Training
Pause reps: what they do and why they build strength.
Pause reps are simple: you stop at the bottom of a lift for a few seconds, with no bounce, then drive back up. That one change forces your muscles to produce force from a dead stop, which is exactly what makes them so good for building strength. It all comes back to the stretch-shortening cycle.

Key takeaways
- Pause reps mean stopping at the bottom of a lift for a few seconds, with no bounce, then driving back up.
- The bounce out of the bottom comes from the stretch-shortening cycle (SSC): your tendons store elastic energy and recoil it into the lift to make it easier.

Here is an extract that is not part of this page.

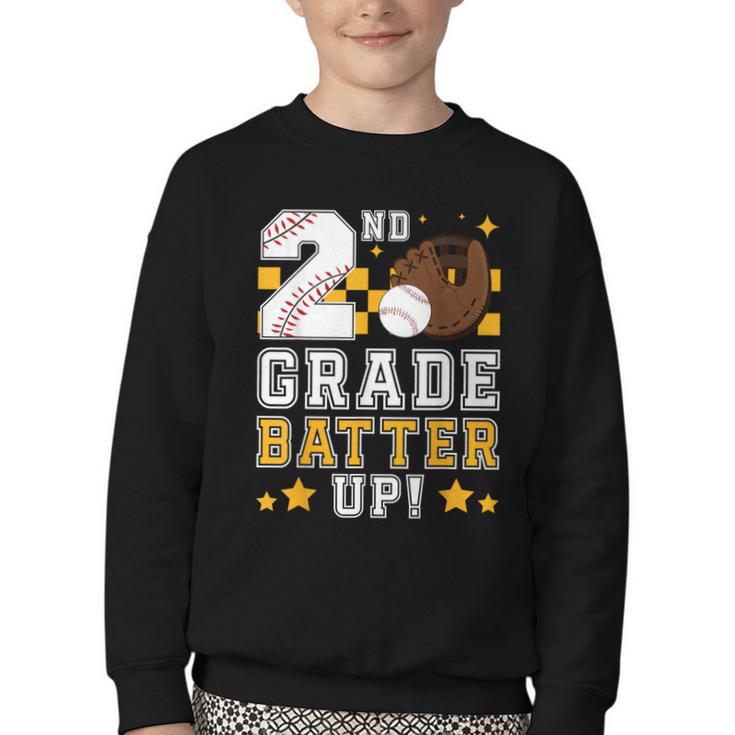 2nd Grade Batter Up Baseball First Day Back To School Youth Crewneck Sweatshirt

- That bounce is fine, even helpful, for hypertrophy (65 to 80% of your 1RM, 6 to 12 reps). For heavy strength work (85 to 90%, 3 to 5 reps), it can work against you and gets risky near your max.
- Pausing dissipates the stored energy, so you overcome the weight from a dead stop: a full 0% to 100% rep instead of 50% to 100%, with more control and less joint stress.
- Add pause reps to an exercise or two. Pause squats and pause bench press are the classics, and a little goes a long way.
Pause reps are exactly what they sound like. You lower the weight, come to a full stop at the bottom, hold for a beat or two, then drive back up. No bounce. No rebound. Just you, the bar, and a dead stop.
That missing bounce is the whole point. When you can't rely on the spring out of the bottom of a rep, your muscles have to produce all the force themselves. That's what makes pause reps so useful for building strength, and it all comes back to one thing: the stretch-shortening cycle.
What is the stretch-shortening cycle?
When a muscle is stretched quickly, the tendon and the muscle store elastic energy, like a rubber band pulling tight. That energy recoils into the concentric (lifting) part of the movement and makes the lift easier.
It's the bounce you feel at the bottom of a squat, or the rebound off your chest on a bench press. The stretch-shortening cycle (SSC) is your body recycling that stored energy to help move the weight.
Stretch-shortening cycle: size over strength?
Most of the time, using the SSC is perfectly fine. It can even be better for hypertrophy (building size) when you're working at 65 to 80% of your one-rep max for 6 to 12 reps.
But for strength, it can work against you. Strength work is usually your main lifts at 85 to 90% of your 1RM for 3 to 5 reps. When you're pushing that close to your max, fast reps that bounce out of the bottom get dangerous, and they let the stored energy do work your muscles should be doing.
The benefits of pause reps
Stopping at the bottom for a few seconds dissipates the stored elastic energy. There's no spring left to help you, so you have to voluntarily overcome the weight and contract the muscle from a standstill. It's a full 0% to 100% rep, instead of something like 50% to 100%.
The pause also forces you to control the weight more, which can lower the chance of a joint injury. That's why pause squats and pause bench press are staples in strength programs.
How to add pause reps to your training
Adding pause reps is one of the simplest ways to train for strength, but they come at a cost. They take extra energy and can make a normal workout much more intense.
We'd add them to just an exercise or two toward the end of your session, so you can burn through whatever energy you have left before calling it a day. A second or two at the bottom is enough. Stay tight, don't rush the stop, and keep the weight honest, since you won't have the bounce to bail you out.
Try it on your next squat or bench day and feel the difference between a paused rep and a normal one. If you want a program that already works this in, our free AI workout generator builds one in 30 seconds, and the Kovo app handles it as part of every session.
Frequently asked questions
What are pause reps?
Pause reps are reps where you stop at the bottom of a lift and hold for a few seconds before driving back up. The pause removes the bounce out of the bottom and forces your muscles to produce force from a dead stop, which is what makes them a strength-building tool.
Do pause reps build strength or muscle?
Mostly strength. Pausing removes the stretch-shortening cycle, the elastic bounce out of the bottom of a rep, so your muscles have to overcome the weight from a standstill. The bounce itself is more useful for hypertrophy work at 65 to 80% of your 1RM for 6 to 12 reps, where moving more volume matters.
How long should you pause on a pause rep?
A few seconds. Most lifters pause for about two to three seconds, long enough to come to a full stop and let the stored elastic energy dissipate, so you start the lift from a dead stop instead of a bounce. There is no benefit to holding so long that you lose tension.
What is the stretch-shortening cycle?
The stretch-shortening cycle (SSC) is your body storing and reusing elastic energy. When a muscle is stretched quickly, the tendon and muscle store energy that recoils into the lifting part of the movement and makes it easier. It is the bounce you feel at the bottom of a squat or off your chest on a bench press.
Which exercises are best for pause reps?
The big compound lifts. Pause squats and pause bench press are the staples because that is where the bounce out of the bottom does the most to hide weak points. Paused deadlifts and paused overhead presses work too. Add the pause to your main lift, not your accessories.